Monday, February 20, 2012

I Forgot About this Part

Not too long ago, I shared the woes of trying to break into the writing biz. I was particularly down about being rejected by the first agent who’d asked to see my new young adult manuscript. It was such a letdown that I contemplated my future as a writer and professed it to be grim.

To no surprise, friends, family and fans rallied around me to offer words of encouragement. After careful consideration I decided to move forward. This is a subjective business after all. One agent’s trash could be another one’s treasure. With that in mind, I pressed on in grand fashion.

True to my over achieving nature, I took to the internet in search of a new agent and spent an entire weekend sending out query letters. Believe it or not, this is a lot more complicated than it sounds.
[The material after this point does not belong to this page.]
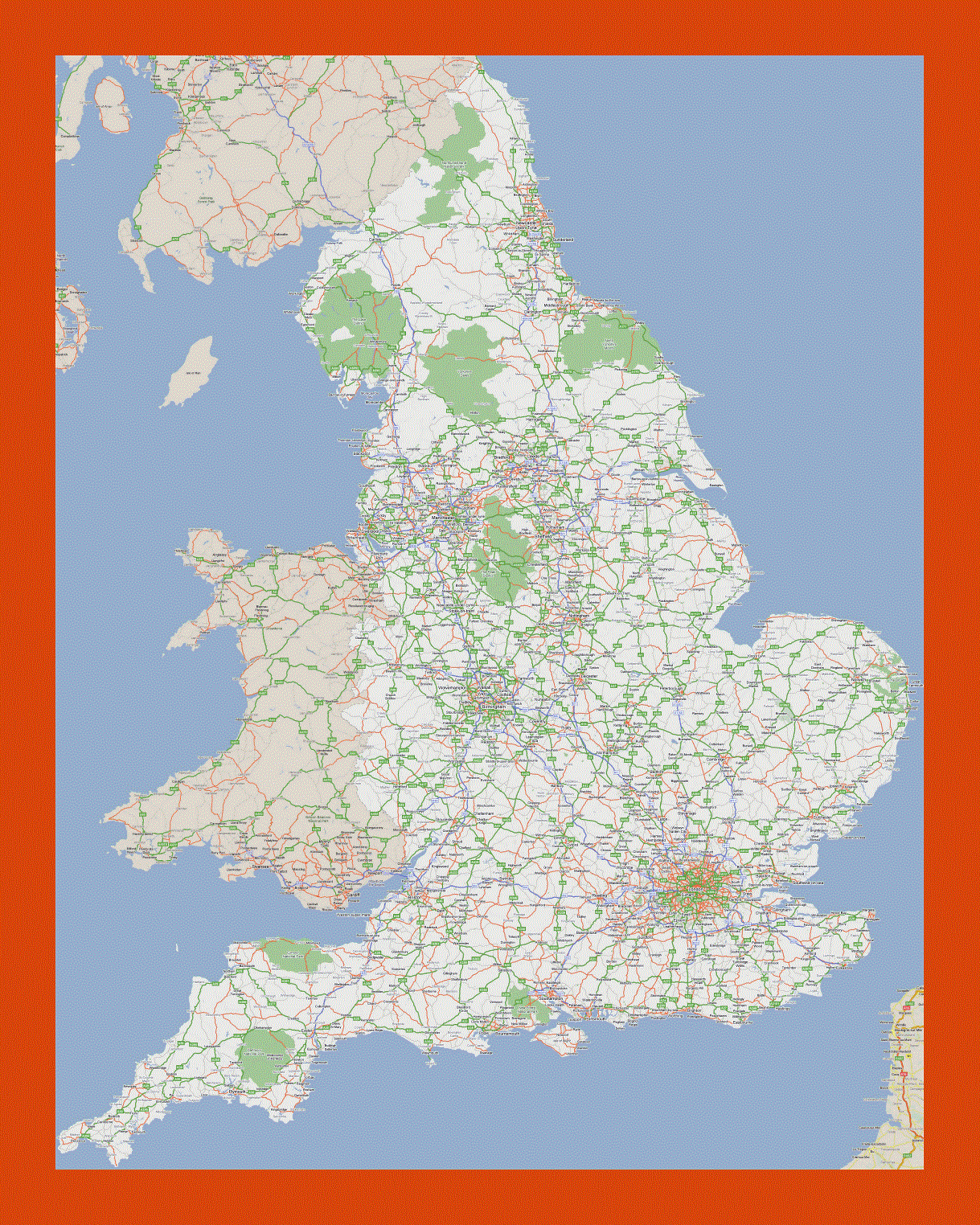 Road map of England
One agent wants the first ten pages, another wants the first chapter and still another wants a three page synopsis and the first ten pages. It’s rare that they want the same thing, which means it takes time to put all of it together and conform to their submission guidelines.

When all was said and done, I’d sent out more than seventy queries. Over dinner that night, I made mention of this to my oldest child and said something along the lines of there being no way they could all reject me. My daughter fired back with, ‘Sure they can. It’s not likely, but they can.’ This from the mouth of a sixteen year old!
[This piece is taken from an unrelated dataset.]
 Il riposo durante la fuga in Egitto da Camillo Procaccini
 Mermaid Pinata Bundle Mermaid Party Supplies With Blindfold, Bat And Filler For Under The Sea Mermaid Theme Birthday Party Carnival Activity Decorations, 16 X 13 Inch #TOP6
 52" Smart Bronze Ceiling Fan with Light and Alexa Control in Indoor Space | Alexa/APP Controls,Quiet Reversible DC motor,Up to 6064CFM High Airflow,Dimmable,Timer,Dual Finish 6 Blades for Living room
So far, my daughter’s been more right than I have, which I don’t mind saying bothers me more than a little. Not just because I loathe rejection but because I don’t care for having my child be wiser about me in certain things. Yes, I said it, but I digress.

Since the weekend of seventy queries, the rejections have been trickling in. Most are the standard form letter that begins with the dreaded ‘Dear Author.’ As soon as you see those words, there’s no reason to continue reading. If they don’t care enough to address you by name, they aren’t interested in your story. A few start off with ‘Dear Trish’ or ‘Dear Ms. Edmisten’ and then go on to reject me anyway. The other day, I got a rejection that left me feeling a bit floored. The following message was received in reply to my query: Not for me, thanks anyway.
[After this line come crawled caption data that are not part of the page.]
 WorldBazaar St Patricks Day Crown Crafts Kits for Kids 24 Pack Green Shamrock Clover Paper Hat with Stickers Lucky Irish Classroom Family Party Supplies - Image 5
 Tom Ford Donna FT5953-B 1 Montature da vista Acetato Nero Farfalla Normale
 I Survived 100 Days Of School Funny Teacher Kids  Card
Can you believe that? With absolutely no fanfare or even the courtesy of addressing me by name, this agent very bluntly told me he had no interest in my work. The lack of interest stings a bit, but I can get over it. I’ve been rejected often enough and recovered often enough. What I found appalling was the fact that he’d brush me off with such blatancy, especially after I followed his submission guidelines to the tee. I suppose professional courtesy doesn’t apply if you’re not a professional writer. Still, naughty or nice, the end result was the same; rejection. Perhaps I should respect his unwillingness to mince words.

Perhaps, but I forgot about this part. And I forgot how much I hate it.